What is skewness?
Skewness measures the asymmetry of a probability distribution or data set around its mean. A skewness of zero indicates a symmetric distribution. Positive skewness means a longer tail on the right (large values pull the mean up); negative skewness means a longer tail on the left. This calculator reports either the population skewness or the bias-corrected sample skewness, along with the mean and standard deviation.
How to use it
Enter your numbers separated by commas or spaces, then pick a method. Use Population when your data represents the entire group of interest, and Sample (the adjusted Fisher-Pearson estimator used by Excel's SKEW and many stats packages) when you have a sample drawn from a larger population.
The formula explained
The population skewness is the average cubed standardized deviation: $$g_1 = \frac{1}{n} \sum_{i=1}^{n} \left( \frac{x_i - \bar{x}}{\sigma} \right)^{3}$$ where \(\sigma\) uses division by \(n\).

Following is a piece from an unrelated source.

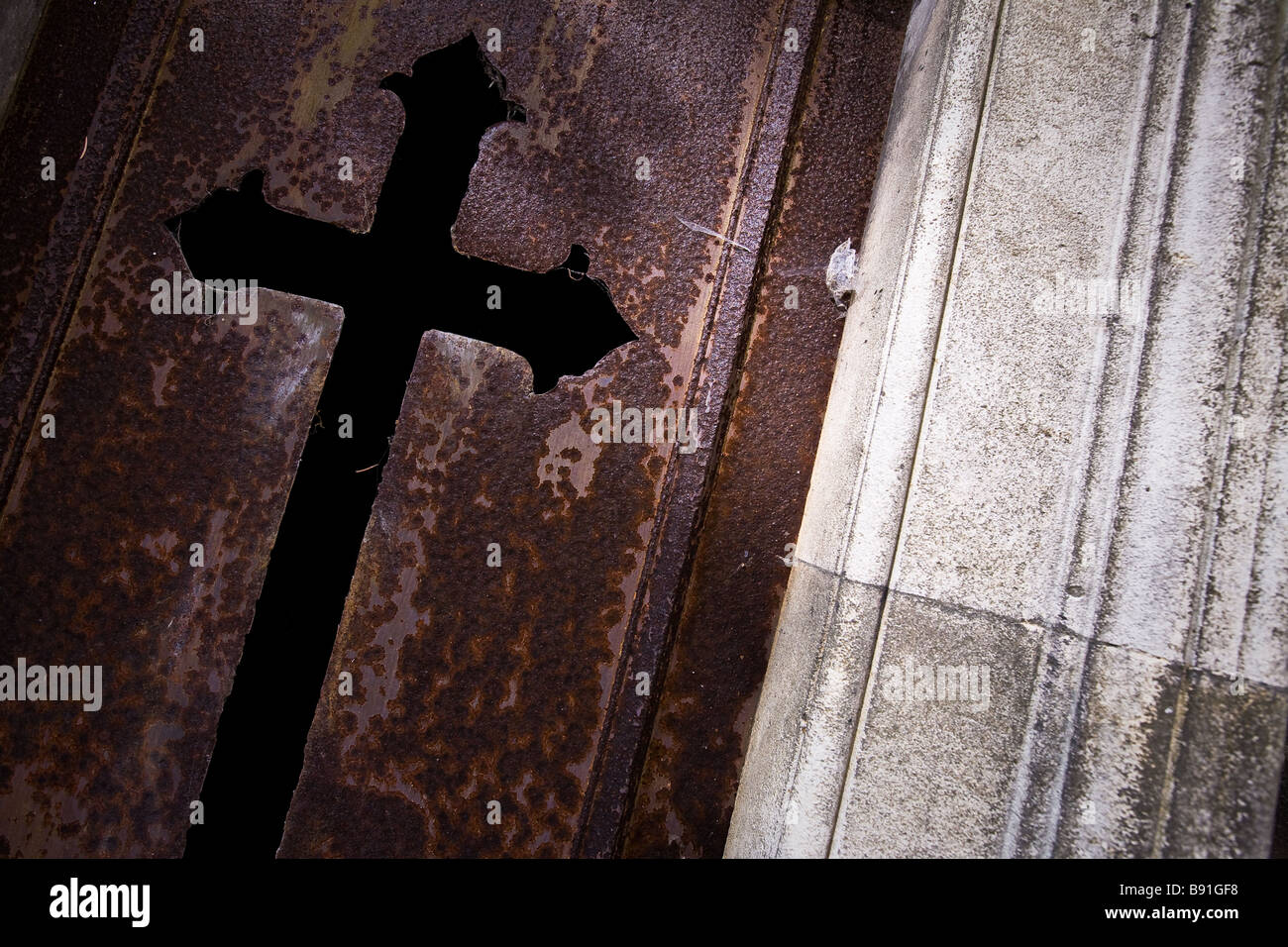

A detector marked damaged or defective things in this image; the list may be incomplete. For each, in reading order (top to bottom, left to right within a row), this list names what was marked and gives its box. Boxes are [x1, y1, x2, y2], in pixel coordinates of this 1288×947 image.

The sample version applies a correction factor: $$G_1 = \frac{n}{(n-1)(n-2)} \sum_{i=1}^{n} \left( \frac{x_i - \bar{x}}{s} \right)^{3}$$ where \(s\) uses division by \(n-1\). The correction removes the downward bias present in small samples.
Worked example
For the data 2, 4, 6, 8, 20: the mean is 8. $$\sum (x_i-\bar{x})^3 = (-6)^3+(-4)^3+(-2)^3+(0)^3+(12)^3 = -216-64-8+0+1728 = 1440$$ Population \(\sigma = \sqrt{160/5} = 6.3246\), so $$g_1 = \frac{1440/5}{6.3246^3} = \frac{288}{252.98} \approx 1.1384$$ For the sample method, \(s = \sqrt{160/4} = 7.0711\), and $$G_1 = \frac{5}{4\cdot 3}\cdot\frac{1440}{353.55} = 0.4167\cdot 4.0729 \approx 1.6971$$
FAQ
Why do the two methods give different numbers? They use different standard deviations and the sample method adds a bias-correction factor, so the magnitudes differ for small data sets.
What does a value near 0 mean? The distribution is roughly symmetric. Values beyond \(\pm 1\) are generally considered highly skewed.
Which should I report? Use the sample estimator when generalizing from a sample; use population skewness when you have the complete data set.